Problem description
Because the listing below is to be kept intact, restate all of it word for word.

Data under study
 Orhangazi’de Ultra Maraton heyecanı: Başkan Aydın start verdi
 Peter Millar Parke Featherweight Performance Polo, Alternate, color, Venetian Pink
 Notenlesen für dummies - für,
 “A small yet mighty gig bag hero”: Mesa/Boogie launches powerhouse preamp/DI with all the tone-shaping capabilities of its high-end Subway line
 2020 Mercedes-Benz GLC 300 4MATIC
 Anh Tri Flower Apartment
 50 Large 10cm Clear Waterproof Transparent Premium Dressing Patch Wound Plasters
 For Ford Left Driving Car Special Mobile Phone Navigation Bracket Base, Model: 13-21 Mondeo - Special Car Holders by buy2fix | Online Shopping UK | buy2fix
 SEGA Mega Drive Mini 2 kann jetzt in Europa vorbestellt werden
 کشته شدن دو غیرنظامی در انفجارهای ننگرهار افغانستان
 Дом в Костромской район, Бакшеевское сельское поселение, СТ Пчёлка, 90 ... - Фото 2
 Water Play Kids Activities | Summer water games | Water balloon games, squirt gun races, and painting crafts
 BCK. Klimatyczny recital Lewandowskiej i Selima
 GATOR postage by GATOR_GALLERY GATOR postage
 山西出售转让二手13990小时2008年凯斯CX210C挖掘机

Exercise output
 Orhangazi’de Ultra Maraton heyecanı: Başkan Aydın start verdi
 Peter Millar Parke Featherweight Performance Polo, Alternate, color, Venetian Pink
 Notenlesen für dummies - für,
 “A small yet mighty gig bag hero”: Mesa/Boogie launches powerhouse preamp/DI with all the tone-shaping capabilities of its high-end Subway line
 2020 Mercedes-Benz GLC 300 4MATIC
 Anh Tri Flower Apartment
 50 Large 10cm Clear Waterproof Transparent Premium Dressing Patch Wound Plasters
 For Ford Left Driving Car Special Mobile Phone Navigation Bracket Base, Model: 13-21 Mondeo - Special Car Holders by buy2fix | Online Shopping UK | buy2fix
 SEGA Mega Drive Mini 2 kann jetzt in Europa vorbestellt werden
 کشته شدن دو غیرنظامی در انفجارهای ننگرهار افغانستان
 Дом в Костромской район, Бакшеевское сельское поселение, СТ Пчёлка, 90 ... - Фото 2
 Water Play Kids Activities | Summer water games | Water balloon games, squirt gun races, and painting crafts
 BCK. Klimatyczny recital Lewandowskiej i Selima
 GATOR postage by GATOR_GALLERY GATOR postage
 山西出售转让二手13990小时2008年凯斯CX210C挖掘机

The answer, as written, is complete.